A Legião Urbana e o disco icônico que quase não nasceu
Produtor da estreia fonográfica da banda, José Emílio Rondeau revela em livro os bastidores tensos da gravação de um clássico do rock brasilis
Quase quatro décadas depois de produzido, o disco de estreia da Legião Urbana continua cercado por mitos — muitos deles verdadeiros. Um dos episódios mais simbólicos ganha agora versão detalhada no livro que o jornalista e produtor José Emilio Rondeau autografa nesta sexta-feira (13), na Bienal do Livro, revelando bastidores conturbados, decisões arriscadas e a tensão que quase encerrou o projeto antes mesmo de sair da gravadora. "Será!", Rondeau revisita a madrugada em que abandonou a gravação, depois de um conflito com a banda, e expõe a delicada alquimia por trás da criação de um marco do rock brasileiro.
Em meados de 1984, Rondeau assumiu a produção do primeiro disco da Legião Urbana nos estúdios da EMI-Odeon, em Botafogo. A banda, então um trio formado por Renato Russo, Dado Villa-Lobos e Marcelo Bonfá, estava em sua primeira grande experiência profissional e esteve às turras com outros dois produtores que jogaram a toalha. O convívio, no entanto, foi tenso. À procura de identidade sonora, os músicos enfrentavam suas próprias limitações técnicas e entravam em choque com a proposta estética do produtor, mais próximo da linguagem da new wave do que do espírito punk que movia o grupo egresso da pulsante cena brasiliense onde despontava ao lado de bandas como a Plebe Rude e o Capital Inicial.
A gravação paralisou após uma discussão entre Bonfá e Rondeau, o terceiro produtor, que deixou o estúdio prometendo não retornar. O baterista teve uma reação intempestiva ao dizer que só tocava bem quando queria. Foi a diplomacia de Renato Russo que trouxe Rondeau de volta ao projeto.

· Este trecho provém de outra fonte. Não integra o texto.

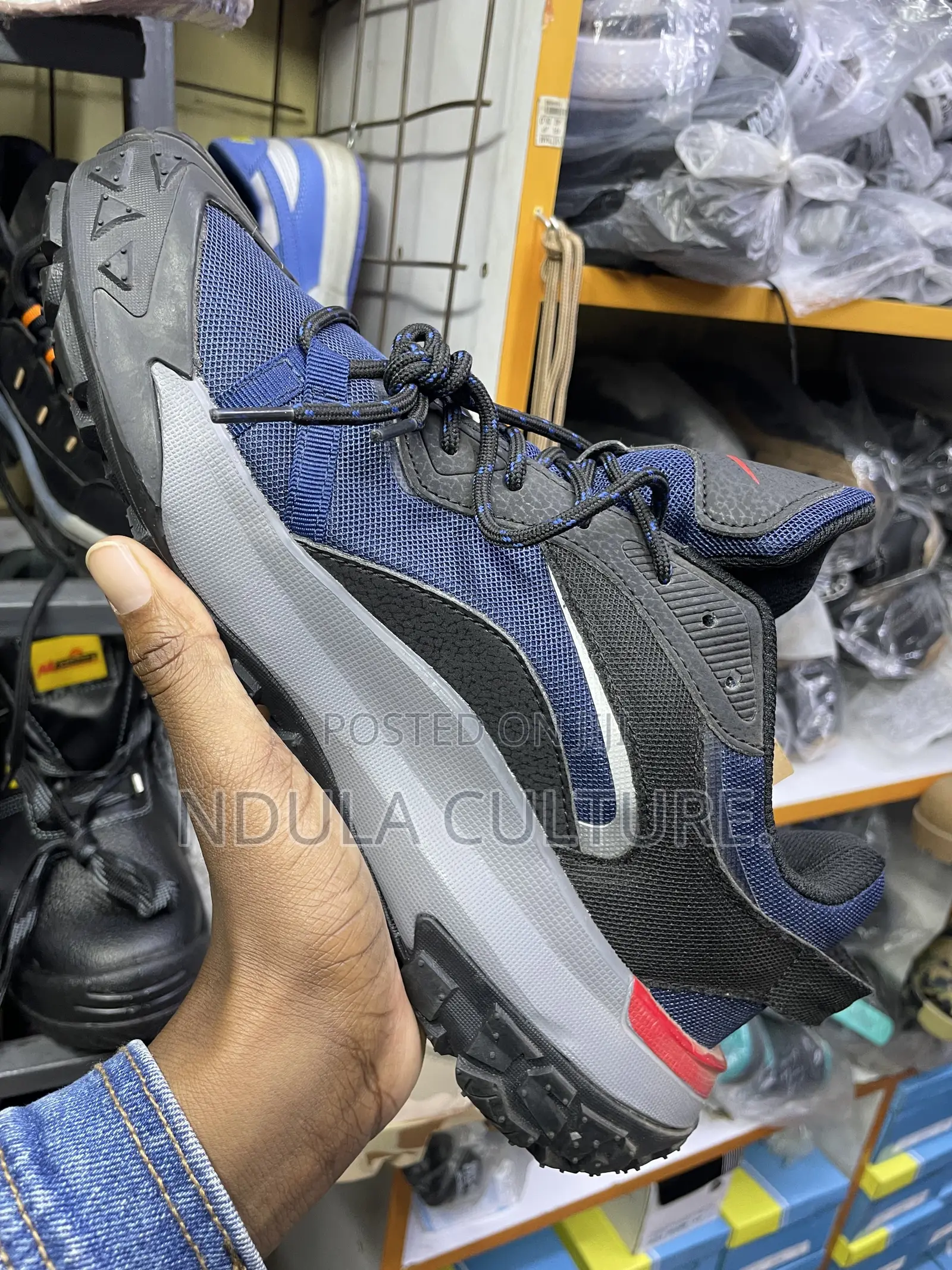 Nike Acg Mountain Fly 2 Low Sneakers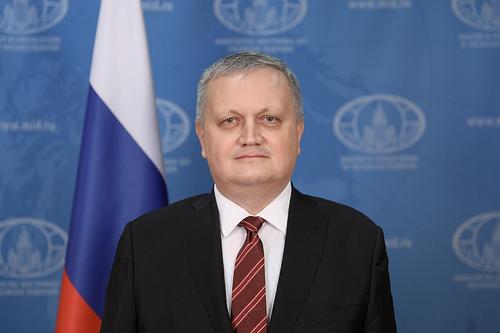 Посол РФ в Египте Георгий Борисенко заявил о готовности России помочь в ликвидации ЧП в Суэцком канале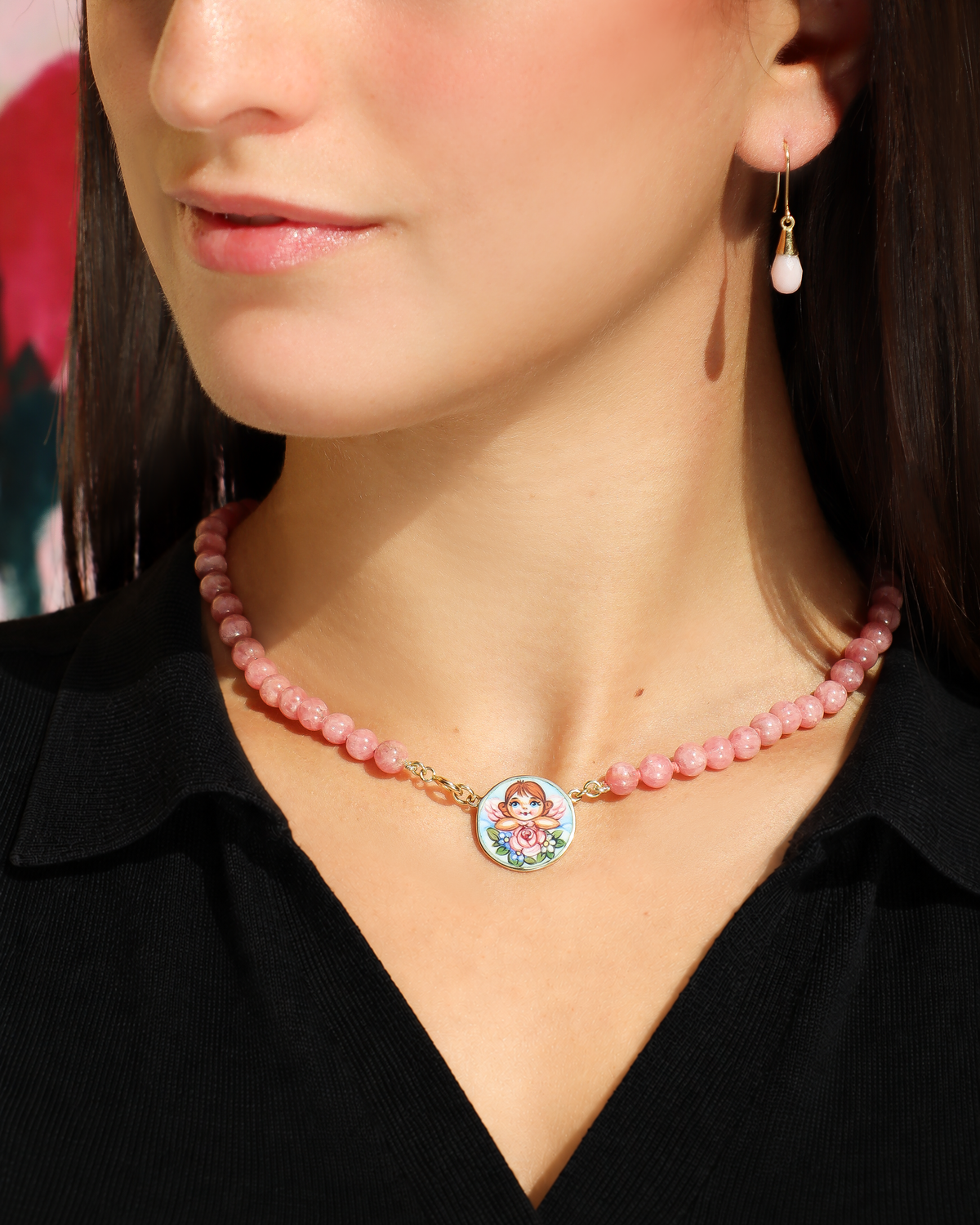 Collana Coloris Angelo nel Rosa Floreale con perline di rodocrosite e angelo dipinto a mano in smalto a fuoco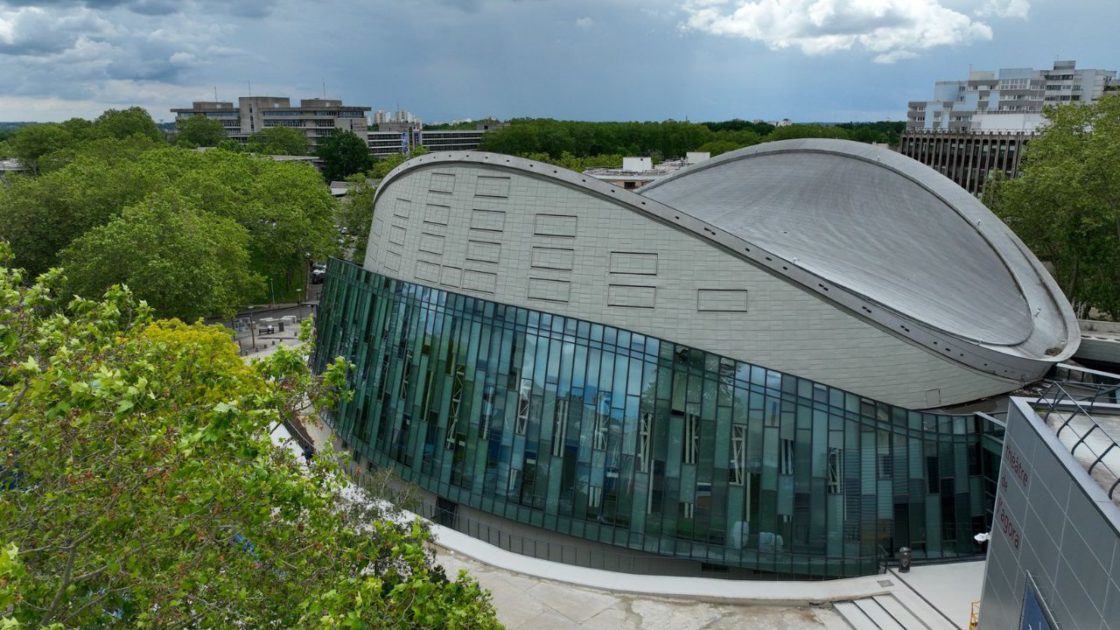 Na foto, a KCorp Arènes, o estádio da própria Karmine Corp na França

Lançado discretamente em janeiro de 1985, o álbum "Legião Urbana" revelou-se um divisor de águas do rock produzido no Brasil. Canções como "Será" e "Ainda é Cedo" consolidaram o grupo como voz de uma geração inquieta, "os filhos da Revolução", como cantavam em "Geração Coca-Cola". As vendas ultrapassaram 500 mil cópias e colocaram a banda no centro da transformação do rock brasileiro dos anos 1980.